Domain Network System (DNS) is a distributed network directory service. It is mainly used for the conversion between a domain name and an IP address.
During the communication access, it is required to perform DNS resolution for a non-IP domain name. DNS resolution is the process that converts a domain name to an IP address.
DNS resolution is resource consuming. The operating systems on both servers and local computers usually have their own DNS Cache to reduce unnecessary requests.
Some programs, including popular browsers and communication frameworks, also have their own DNS Cache in their processes. Workflow is also designed with its own DNS Cache. For convenience purposes, DNS features are completely transparent and “hidden” in the framework.

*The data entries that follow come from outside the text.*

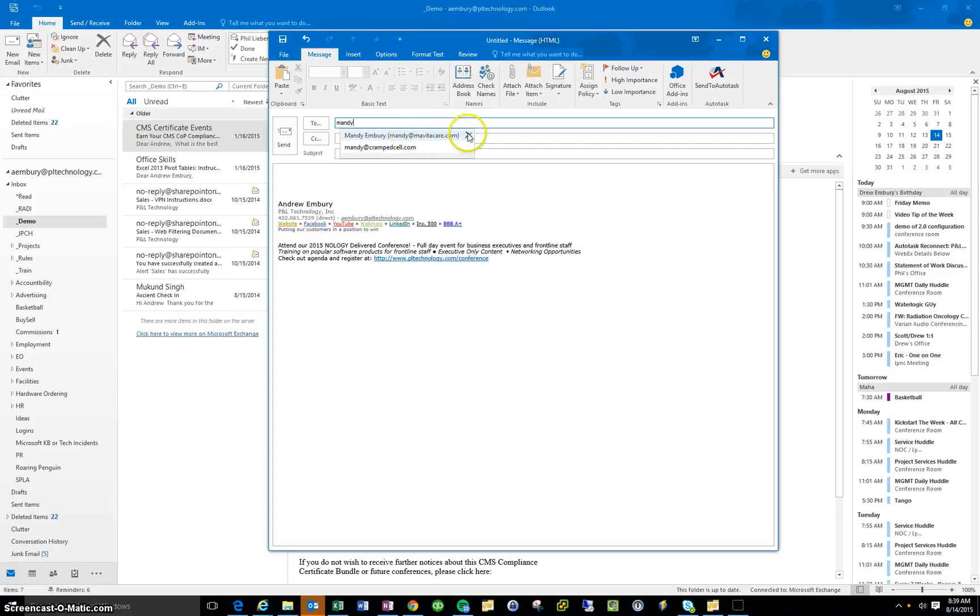I'm just going to see this little X here, and if you hover over it, it says delete. I'm going to click that, and that will delete that from my cache.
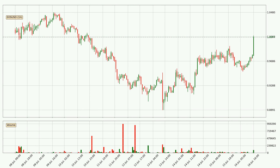Looking at the EOS hourly time frame, the price moved quickly to the upside with around 4.1% in the last 24 hours, with a current price of 1.01. Nevertheless, seeing as the volume wasn't very high, meaning that the move wasn't particularly strong.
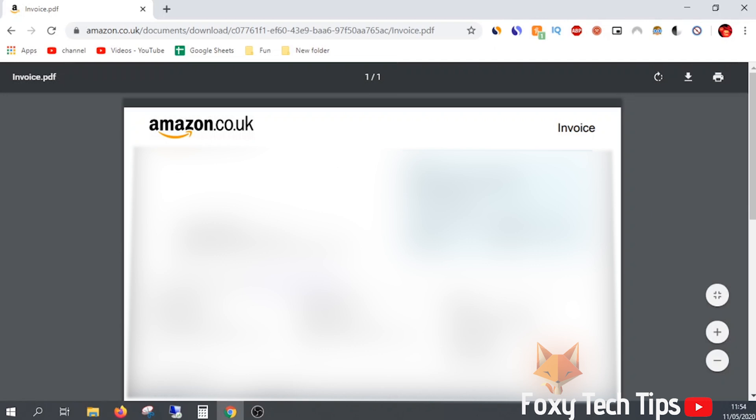Note that not every order will have an invoice ready to download. Some sellers require you to request an invoice from them.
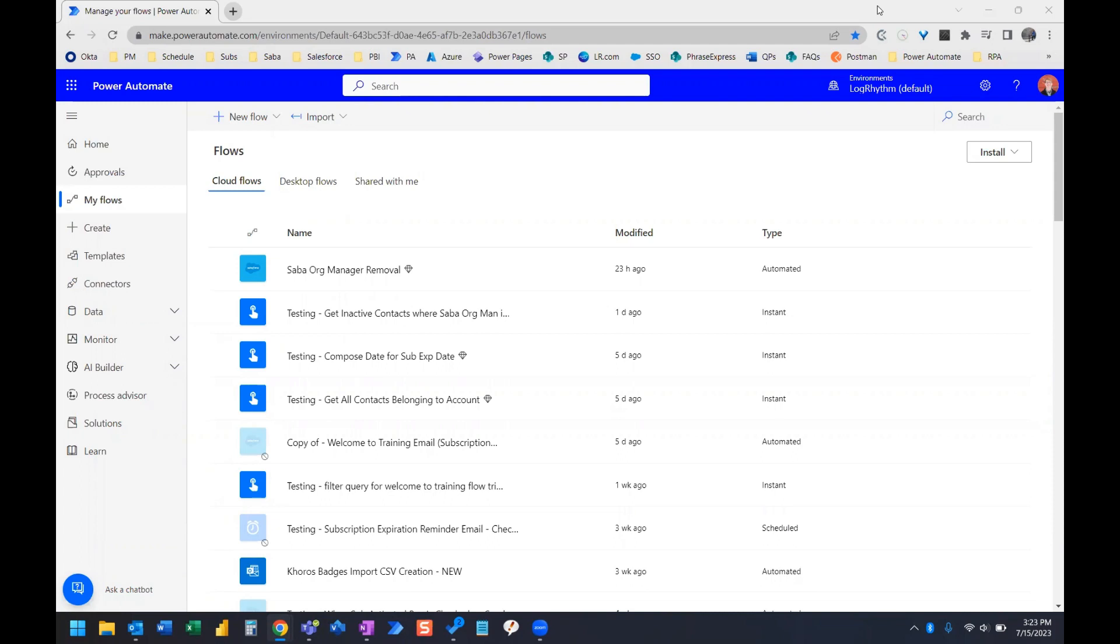To copy or duplicate an entire Power Automate flow, you can use the Save As function. So on your My Flows page, you can see the list of your flows.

TTL (Time To Live) refers to the amount of time a DNS record is considered up-to-date in the DNS Cache.
Currently the framework directly calls the system function getaddrinfo to resolve domain names. Some details:
- When the DNS Cache of the framework is hit and its TTL is valid, DNS resolution will not happen.
- When the domain name belongs to IPv4, IPv6 or unix-domain-socket, DNS resolution will not happen.
- DNS resolution is a special computing task, which is encapsulated as a WFThreadTask.
- DNS resolution uses a completely independent and isolated thread pool, that is, it does not occupy the computing thread pool or the communication thread pool.
The framework implements a complete DNS protocol resolution. The current version requires the user to manually specify resolv_conf_path
to enable this method. On common Linux distributions, resolv_conf_path
is generally /etc/resolv.conf
, and hosts_path
is generally /etc/hosts
. Leave the above parameters blank, and the synchronous request method will be used.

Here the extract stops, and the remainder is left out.